Find the line with "واکمن کاست رادیو دار سونی اصل" in the records below. Copy it and every line after it, up to and including the line with "30 Broad St 203, Marlborough, MA 01752".
=======
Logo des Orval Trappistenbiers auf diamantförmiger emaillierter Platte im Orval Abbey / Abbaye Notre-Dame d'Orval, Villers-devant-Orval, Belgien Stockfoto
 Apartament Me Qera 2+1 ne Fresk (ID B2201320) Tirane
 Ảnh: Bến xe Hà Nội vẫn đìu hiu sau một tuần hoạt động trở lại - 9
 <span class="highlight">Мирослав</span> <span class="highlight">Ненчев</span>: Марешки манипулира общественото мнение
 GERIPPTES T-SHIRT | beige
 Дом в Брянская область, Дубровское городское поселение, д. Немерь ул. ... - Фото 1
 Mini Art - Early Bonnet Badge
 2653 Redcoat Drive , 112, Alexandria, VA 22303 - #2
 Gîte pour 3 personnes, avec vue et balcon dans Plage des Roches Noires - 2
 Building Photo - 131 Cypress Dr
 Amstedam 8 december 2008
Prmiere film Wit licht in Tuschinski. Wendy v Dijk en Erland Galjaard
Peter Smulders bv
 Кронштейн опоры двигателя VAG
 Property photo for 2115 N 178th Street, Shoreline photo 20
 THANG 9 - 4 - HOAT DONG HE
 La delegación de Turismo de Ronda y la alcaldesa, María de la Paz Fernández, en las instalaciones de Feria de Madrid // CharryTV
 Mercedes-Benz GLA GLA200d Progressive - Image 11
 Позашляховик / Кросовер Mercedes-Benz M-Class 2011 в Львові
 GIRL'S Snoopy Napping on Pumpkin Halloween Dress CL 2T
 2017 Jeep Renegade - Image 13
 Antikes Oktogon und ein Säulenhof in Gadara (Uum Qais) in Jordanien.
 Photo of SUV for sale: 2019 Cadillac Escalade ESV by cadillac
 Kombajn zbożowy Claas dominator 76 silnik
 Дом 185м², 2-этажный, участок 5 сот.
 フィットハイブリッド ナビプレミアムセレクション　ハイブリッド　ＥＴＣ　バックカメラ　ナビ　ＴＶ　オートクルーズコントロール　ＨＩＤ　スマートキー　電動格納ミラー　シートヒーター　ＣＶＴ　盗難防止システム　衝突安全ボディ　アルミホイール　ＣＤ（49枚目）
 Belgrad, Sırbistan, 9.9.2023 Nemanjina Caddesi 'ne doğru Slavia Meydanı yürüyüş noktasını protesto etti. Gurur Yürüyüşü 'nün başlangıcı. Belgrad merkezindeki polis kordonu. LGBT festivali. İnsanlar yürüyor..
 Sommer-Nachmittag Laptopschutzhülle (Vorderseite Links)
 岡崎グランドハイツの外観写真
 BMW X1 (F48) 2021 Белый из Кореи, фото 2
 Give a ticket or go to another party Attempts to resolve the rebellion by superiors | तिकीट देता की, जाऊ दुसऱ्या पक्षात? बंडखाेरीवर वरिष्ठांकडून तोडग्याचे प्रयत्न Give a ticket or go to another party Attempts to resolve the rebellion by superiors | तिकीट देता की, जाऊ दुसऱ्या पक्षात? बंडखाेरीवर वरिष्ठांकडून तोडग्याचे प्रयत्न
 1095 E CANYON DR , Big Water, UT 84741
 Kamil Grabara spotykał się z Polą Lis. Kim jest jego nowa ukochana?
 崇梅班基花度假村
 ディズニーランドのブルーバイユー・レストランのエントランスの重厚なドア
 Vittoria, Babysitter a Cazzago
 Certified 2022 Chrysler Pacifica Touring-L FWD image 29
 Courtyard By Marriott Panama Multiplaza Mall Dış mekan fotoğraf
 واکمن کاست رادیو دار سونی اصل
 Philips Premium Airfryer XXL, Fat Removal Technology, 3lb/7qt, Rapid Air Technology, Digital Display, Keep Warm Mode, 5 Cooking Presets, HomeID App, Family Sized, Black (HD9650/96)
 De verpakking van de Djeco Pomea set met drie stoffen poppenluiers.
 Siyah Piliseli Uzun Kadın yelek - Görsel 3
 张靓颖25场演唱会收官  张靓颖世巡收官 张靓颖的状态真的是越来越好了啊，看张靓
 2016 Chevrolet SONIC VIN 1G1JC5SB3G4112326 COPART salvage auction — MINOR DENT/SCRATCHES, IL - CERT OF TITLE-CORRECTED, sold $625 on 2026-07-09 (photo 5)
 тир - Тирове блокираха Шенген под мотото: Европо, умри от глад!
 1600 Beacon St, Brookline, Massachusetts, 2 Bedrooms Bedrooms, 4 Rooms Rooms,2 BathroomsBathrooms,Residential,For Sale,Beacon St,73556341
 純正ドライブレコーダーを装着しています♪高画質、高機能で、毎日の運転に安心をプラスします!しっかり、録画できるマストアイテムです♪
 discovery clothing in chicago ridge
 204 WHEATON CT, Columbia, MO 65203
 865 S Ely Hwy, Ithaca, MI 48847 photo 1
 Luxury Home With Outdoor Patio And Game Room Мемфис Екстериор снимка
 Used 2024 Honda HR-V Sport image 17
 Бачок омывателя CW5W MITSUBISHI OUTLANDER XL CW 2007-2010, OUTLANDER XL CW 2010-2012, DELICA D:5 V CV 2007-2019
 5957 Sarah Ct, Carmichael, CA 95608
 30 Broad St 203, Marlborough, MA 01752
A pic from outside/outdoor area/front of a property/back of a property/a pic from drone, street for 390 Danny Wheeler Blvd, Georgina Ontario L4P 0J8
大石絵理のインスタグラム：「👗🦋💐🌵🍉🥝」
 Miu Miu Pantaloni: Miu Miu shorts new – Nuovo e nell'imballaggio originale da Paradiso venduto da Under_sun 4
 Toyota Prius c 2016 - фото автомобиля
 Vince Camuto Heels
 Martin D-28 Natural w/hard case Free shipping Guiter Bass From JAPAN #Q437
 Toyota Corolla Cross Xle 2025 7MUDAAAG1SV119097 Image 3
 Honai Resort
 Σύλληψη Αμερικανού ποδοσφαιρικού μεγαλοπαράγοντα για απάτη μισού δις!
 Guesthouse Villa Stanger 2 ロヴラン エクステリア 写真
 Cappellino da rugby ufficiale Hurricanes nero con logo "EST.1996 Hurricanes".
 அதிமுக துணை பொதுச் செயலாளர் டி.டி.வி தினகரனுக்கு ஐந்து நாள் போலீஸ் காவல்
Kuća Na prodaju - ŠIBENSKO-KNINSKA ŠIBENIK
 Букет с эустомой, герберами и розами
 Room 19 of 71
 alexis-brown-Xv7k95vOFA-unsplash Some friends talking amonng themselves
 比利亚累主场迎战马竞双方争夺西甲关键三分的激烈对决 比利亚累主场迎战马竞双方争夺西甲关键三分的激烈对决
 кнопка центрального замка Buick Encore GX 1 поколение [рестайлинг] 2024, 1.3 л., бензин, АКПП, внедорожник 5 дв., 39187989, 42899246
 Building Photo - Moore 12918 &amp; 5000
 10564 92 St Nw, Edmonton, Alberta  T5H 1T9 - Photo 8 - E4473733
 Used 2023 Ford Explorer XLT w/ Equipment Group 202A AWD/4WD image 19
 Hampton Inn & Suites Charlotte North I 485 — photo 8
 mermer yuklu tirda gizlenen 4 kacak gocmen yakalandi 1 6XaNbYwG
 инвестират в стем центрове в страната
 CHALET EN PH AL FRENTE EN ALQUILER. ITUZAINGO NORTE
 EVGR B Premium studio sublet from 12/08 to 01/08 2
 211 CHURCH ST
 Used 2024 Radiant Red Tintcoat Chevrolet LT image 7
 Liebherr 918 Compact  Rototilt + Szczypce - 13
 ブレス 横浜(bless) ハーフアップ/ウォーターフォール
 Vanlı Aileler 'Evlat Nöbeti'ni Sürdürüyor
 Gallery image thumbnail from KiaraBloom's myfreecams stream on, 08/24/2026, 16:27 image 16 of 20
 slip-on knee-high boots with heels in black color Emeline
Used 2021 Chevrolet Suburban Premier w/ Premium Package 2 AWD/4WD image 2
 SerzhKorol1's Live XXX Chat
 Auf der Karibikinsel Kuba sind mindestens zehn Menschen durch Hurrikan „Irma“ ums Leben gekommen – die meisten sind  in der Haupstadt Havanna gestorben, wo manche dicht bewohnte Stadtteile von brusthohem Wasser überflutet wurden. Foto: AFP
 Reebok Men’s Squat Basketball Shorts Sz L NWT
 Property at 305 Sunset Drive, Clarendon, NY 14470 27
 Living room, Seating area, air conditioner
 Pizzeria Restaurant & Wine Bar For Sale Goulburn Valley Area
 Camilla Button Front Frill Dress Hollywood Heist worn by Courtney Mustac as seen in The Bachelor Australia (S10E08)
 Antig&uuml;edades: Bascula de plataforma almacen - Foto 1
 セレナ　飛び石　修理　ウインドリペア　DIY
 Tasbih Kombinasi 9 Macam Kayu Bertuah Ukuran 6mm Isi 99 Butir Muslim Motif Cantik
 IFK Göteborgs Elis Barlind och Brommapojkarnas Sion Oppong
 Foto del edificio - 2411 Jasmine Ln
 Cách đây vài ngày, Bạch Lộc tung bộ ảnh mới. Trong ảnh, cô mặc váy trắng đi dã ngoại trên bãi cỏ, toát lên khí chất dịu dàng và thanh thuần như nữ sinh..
=======
▸ Task response:
 واکمن کاست رادیو دار سونی اصل
 Philips Premium Airfryer XXL, Fat Removal Technology, 3lb/7qt, Rapid Air Technology, Digital Display, Keep Warm Mode, 5 Cooking Presets, HomeID App, Family Sized, Black (HD9650/96)
 De verpakking van de Djeco Pomea set met drie stoffen poppenluiers.
 Siyah Piliseli Uzun Kadın yelek - Görsel 3
 张靓颖25场演唱会收官  张靓颖世巡收官 张靓颖的状态真的是越来越好了啊，看张靓
 2016 Chevrolet SONIC VIN 1G1JC5SB3G4112326 COPART salvage auction — MINOR DENT/SCRATCHES, IL - CERT OF TITLE-CORRECTED, sold $625 on 2026-07-09 (photo 5)
 тир - Тирове блокираха Шенген под мотото: Европо, умри от глад!
 1600 Beacon St, Brookline, Massachusetts, 2 Bedrooms Bedrooms, 4 Rooms Rooms,2 BathroomsBathrooms,Residential,For Sale,Beacon St,73556341
 純正ドライブレコーダーを装着しています♪高画質、高機能で、毎日の運転に安心をプラスします!しっかり、録画できるマストアイテムです♪
 discovery clothing in chicago ridge
 204 WHEATON CT, Columbia, MO 65203
 865 S Ely Hwy, Ithaca, MI 48847 photo 1
 Luxury Home With Outdoor Patio And Game Room Мемфис Екстериор снимка
 Used 2024 Honda HR-V Sport image 17
 Бачок омывателя CW5W MITSUBISHI OUTLANDER XL CW 2007-2010, OUTLANDER XL CW 2010-2012, DELICA D:5 V CV 2007-2019
 5957 Sarah Ct, Carmichael, CA 95608
 30 Broad St 203, Marlborough, MA 01752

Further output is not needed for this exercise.